Exercise goal:
From the entries below, report how many lines contain the string "with". Give only that number.

____________

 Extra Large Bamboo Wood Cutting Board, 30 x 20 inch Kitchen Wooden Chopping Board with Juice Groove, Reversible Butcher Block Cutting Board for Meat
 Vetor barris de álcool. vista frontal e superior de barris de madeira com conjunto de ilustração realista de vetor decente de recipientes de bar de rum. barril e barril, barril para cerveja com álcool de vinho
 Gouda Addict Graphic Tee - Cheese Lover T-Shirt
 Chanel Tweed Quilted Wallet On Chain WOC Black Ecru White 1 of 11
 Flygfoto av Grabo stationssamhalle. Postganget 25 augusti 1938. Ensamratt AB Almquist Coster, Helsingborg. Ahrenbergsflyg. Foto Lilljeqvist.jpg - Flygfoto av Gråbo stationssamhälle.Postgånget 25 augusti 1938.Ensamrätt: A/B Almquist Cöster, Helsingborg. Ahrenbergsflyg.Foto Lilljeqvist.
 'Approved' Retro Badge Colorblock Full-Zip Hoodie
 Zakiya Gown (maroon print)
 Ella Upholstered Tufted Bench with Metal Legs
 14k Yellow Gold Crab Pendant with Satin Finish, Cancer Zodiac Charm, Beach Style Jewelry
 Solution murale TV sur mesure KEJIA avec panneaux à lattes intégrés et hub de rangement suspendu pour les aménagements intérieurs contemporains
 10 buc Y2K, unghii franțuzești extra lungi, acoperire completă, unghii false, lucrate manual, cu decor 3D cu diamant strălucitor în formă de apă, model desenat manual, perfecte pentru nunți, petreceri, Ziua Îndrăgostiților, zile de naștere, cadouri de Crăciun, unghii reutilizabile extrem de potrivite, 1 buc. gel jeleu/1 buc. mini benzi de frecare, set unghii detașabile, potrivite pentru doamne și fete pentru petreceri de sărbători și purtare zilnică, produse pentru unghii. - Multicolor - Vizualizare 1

____________

Output of the task:
3